Problem statement: Once the pictures are set aside, transcribe the remaining data exactly.

Given material:
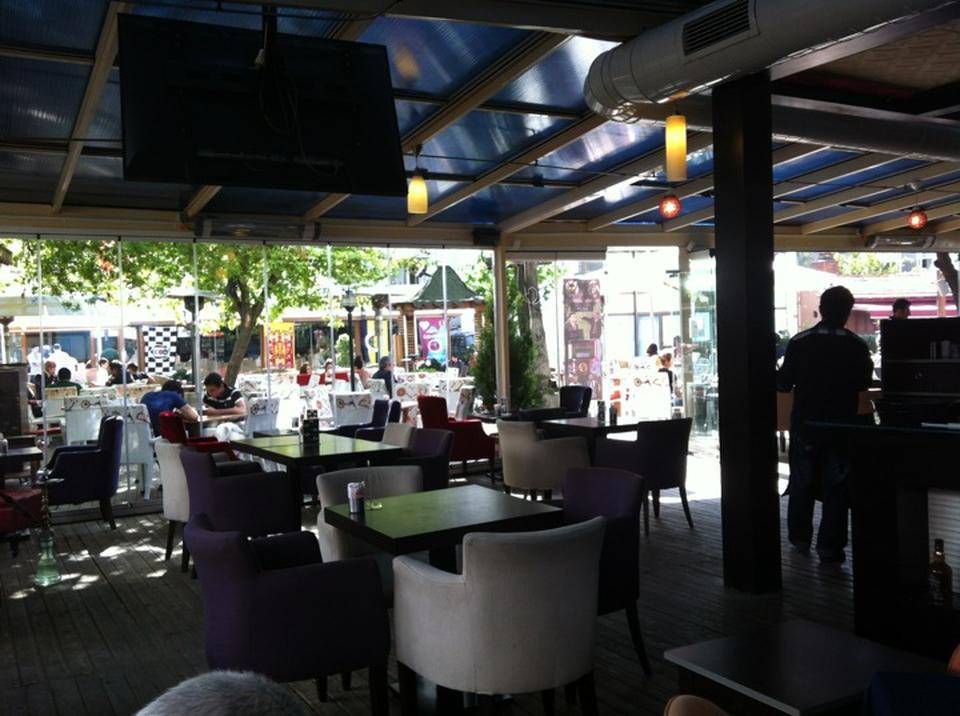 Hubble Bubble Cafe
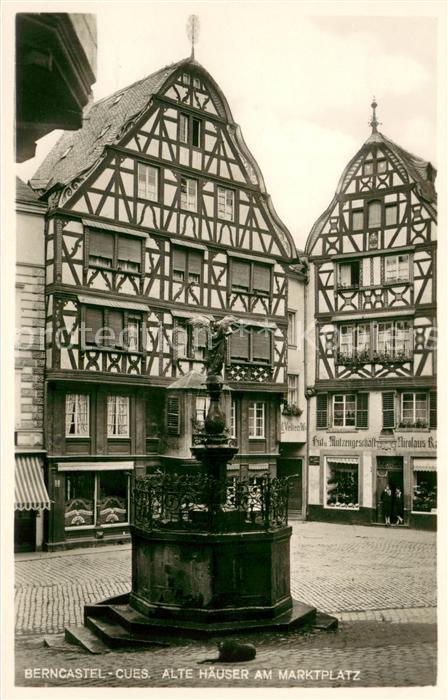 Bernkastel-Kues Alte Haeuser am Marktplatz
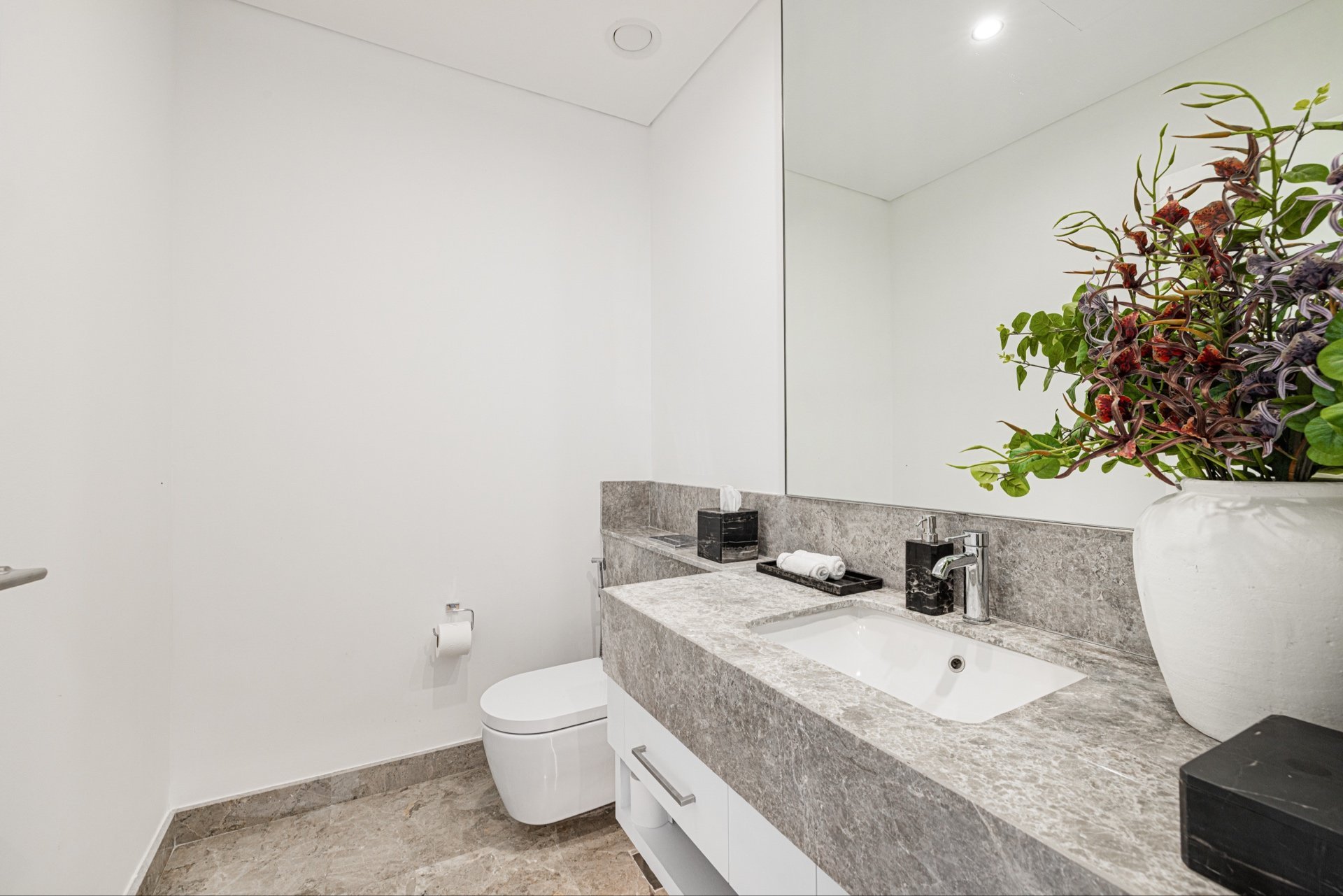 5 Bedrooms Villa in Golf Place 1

The completed task:
 Hubble Bubble Cafe
 Bernkastel-Kues Alte Haeuser am Marktplatz
 5 Bedrooms Villa in Golf Place 1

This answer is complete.